With these attachment mechanisms, FlyCroTugs can pull objects up to 40 times their weight, like door handles in one scenario, or cameras and water bottles in a rescue situation. Similar vehicles can only lift objects about twice their own weight using aerodynamic forces.
“When you’re a small robot, the world is full of large obstacles,” says Matthew Estrada, a Stanford graduate student and lead author of the paper, which appears in the journal Science Robotics. “Combining the aerodynamic forces of our aerial vehicle along with interaction forces that we generate with the attachment mechanisms resulted in something that was very mobile, very forceful, and micro as well.”
The researchers say the FlyCroTugs’ small size means they can navigate through snug spaces and fairly close to people, making them useful for search and rescue. Holding tightly to surfaces as they tug, the tiny robots could potentially move pieces of debris or position a camera to evaluate a treacherous area.
Nature-inspired gecko grippers and microspines
The natural world inspired FlyCroTugs. Hoping to have an air vehicle that was fast, small, and highly maneuverable but also able to move large loads, the researchers looked to wasps.
“Wasps can fly rapidly to a piece of food, and then if the thing’s too heavy to take off with, they drag it along the ground. So this was sort of the beginning inspiration for the approach we took,” says coauthor Mark Cutkosky, a professor of mechanical engineering.
The researchers read studies on wasp prey capture and transport, which identify the ratio of flight-related muscle to total mass that determines whether a wasp flies with its prey or drags it. They also followed the lead of the wasp in having different attachment options depending on where the FlyCroTugs land.
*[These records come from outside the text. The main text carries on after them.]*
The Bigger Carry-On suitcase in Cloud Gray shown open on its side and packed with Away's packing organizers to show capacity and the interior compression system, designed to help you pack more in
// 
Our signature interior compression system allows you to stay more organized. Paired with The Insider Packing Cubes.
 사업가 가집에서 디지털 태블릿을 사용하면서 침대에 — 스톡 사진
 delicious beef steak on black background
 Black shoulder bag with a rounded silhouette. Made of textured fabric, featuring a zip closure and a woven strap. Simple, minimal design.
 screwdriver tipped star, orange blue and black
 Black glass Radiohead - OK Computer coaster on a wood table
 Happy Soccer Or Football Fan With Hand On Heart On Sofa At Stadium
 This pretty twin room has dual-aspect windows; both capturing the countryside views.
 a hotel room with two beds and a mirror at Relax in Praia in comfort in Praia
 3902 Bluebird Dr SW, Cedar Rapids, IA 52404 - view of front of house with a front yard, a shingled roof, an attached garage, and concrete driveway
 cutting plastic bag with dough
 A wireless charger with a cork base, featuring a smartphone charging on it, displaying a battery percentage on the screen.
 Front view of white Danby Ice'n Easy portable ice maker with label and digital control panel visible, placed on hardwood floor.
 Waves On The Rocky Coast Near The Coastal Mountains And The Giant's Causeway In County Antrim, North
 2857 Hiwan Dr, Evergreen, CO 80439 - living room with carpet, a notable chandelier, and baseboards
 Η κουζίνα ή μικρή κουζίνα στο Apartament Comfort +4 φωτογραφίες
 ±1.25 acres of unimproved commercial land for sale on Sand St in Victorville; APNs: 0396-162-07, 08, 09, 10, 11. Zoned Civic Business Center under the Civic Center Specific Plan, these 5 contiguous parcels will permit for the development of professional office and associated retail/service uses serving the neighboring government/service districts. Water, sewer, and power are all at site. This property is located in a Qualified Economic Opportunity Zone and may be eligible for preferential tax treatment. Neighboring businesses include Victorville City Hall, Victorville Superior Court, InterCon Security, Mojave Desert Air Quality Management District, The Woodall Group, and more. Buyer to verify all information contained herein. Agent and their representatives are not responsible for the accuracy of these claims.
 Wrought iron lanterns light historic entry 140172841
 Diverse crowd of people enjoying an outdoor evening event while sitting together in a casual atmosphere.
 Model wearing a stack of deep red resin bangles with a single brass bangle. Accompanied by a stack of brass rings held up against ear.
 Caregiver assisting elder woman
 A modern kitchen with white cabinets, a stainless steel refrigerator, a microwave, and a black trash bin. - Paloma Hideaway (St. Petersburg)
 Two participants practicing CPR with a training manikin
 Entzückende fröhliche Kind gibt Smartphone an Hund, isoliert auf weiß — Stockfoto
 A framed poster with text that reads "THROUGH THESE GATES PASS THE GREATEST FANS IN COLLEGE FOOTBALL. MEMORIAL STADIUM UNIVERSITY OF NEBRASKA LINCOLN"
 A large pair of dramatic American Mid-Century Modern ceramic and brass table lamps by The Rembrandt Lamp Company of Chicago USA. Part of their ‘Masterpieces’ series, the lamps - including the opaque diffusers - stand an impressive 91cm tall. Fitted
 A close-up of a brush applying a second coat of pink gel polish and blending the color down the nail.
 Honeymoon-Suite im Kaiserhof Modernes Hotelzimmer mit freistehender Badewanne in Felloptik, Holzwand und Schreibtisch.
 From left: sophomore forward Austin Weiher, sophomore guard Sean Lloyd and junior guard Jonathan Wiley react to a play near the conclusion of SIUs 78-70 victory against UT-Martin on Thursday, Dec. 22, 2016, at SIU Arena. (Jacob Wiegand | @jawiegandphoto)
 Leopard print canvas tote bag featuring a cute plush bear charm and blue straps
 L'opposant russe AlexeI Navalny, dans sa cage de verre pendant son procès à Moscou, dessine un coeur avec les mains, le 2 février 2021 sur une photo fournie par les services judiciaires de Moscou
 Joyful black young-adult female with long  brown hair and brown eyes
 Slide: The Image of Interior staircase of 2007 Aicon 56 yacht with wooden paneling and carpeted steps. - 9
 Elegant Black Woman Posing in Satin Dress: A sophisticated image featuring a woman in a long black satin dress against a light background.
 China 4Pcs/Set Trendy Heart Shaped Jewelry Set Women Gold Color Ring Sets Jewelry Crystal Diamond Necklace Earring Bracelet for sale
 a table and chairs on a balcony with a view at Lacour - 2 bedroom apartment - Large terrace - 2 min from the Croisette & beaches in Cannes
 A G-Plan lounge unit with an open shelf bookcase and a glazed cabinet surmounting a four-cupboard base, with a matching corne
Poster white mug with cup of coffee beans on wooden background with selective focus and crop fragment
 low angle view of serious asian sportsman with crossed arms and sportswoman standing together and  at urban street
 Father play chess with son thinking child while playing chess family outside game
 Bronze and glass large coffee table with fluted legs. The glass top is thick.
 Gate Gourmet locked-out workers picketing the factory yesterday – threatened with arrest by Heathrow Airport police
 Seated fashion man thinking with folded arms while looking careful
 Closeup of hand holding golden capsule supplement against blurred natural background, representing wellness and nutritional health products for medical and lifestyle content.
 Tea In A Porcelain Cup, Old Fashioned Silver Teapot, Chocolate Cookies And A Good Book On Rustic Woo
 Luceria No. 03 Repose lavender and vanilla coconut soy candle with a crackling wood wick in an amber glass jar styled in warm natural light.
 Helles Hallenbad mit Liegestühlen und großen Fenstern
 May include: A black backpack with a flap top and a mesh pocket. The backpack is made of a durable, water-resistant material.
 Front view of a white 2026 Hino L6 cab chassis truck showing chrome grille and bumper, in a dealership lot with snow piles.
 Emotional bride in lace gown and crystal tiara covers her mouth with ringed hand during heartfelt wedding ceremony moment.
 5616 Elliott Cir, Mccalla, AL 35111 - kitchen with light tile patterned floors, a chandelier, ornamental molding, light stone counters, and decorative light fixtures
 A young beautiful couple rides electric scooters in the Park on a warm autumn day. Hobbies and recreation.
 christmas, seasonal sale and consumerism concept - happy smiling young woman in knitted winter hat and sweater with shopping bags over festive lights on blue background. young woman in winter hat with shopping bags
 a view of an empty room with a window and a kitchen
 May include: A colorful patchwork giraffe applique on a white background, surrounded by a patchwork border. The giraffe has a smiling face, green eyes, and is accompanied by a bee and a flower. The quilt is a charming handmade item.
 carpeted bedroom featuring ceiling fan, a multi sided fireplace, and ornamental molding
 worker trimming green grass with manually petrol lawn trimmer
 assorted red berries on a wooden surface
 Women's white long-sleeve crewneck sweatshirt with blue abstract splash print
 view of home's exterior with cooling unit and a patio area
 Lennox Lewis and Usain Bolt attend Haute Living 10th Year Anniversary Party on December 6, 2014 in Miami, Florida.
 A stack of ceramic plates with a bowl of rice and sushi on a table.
For smooth surfaces, the robots have gecko grippers, non-sticky adhesives that mimic a gecko’s intricate toe structures and hold on by creating intermolecular forces between the adhesive and the surface. For rough surfaces, researchers equipped these robots with 32 microspines, a series of fishhook-like metal spines that can individually latch onto small pits in a surface.
Each FlyCroTug has a winch with a cable and either microspines or gecko adhesive in order to tug. Beyond those fixed features they are otherwise highly modifiable. The location of the grippers can vary depending on the surface where they will be landing, and the researchers can also add parts for ground-based movement, such as wheels. Getting all of these features onto a small air vehicle with twice the weight of a golf ball was no small feat, according to the researchers.
“People tend to think of drones as machines that fly and observe the world, but flying insects do many other things—such as walking, climbing, grasping, building—and social insects can even cooperate to multiply forces,” says Dario Floreano, the senior author on the paper. “With this work, we show that small drones capable of anchoring to the environment and collaborating with fellow drones can perform tasks typically assigned to humanoid robots or much larger machines.”
Literally opening new doors
Drones and other small flying robots may seem like all the rage these days but the FlyCroTugs—with their ability to navigate to remote locations, anchor, and pull—fall into a more specific niche, according to Cutkosky.
“There are many laboratories around the world that are starting to work with small drones or air vehicles, but if you look at the ones that are also thinking about how these little vehicles can interact physically with the world, it’s a much smaller set,” he says.
The researchers can successfully open a door with two FlyCroTugs. They also had one fly atop a crumbling structure and haul up a camera to see inside. Next, they hope to work on autonomous control and the logistics of flying several vehicles at once.
“The tools to create vehicles like this are becoming more accessible,” says Estrada. “I’m excited at the prospect of increasingly incorporating these attachment mechanisms into the designer’s tool belt, enabling robots to take advantage of interaction forces with their environment and put these to useful ends.”
Additional researchers at École Polytechnique Fédérale de Lausanne in Switzerland helped develop the FlyCroTugs.
The Swiss National Science Foundation, the National Science Foundation, a Swiss Government Excellence Scholarship, and the United States Army Research Laboratory MAST program funded this work.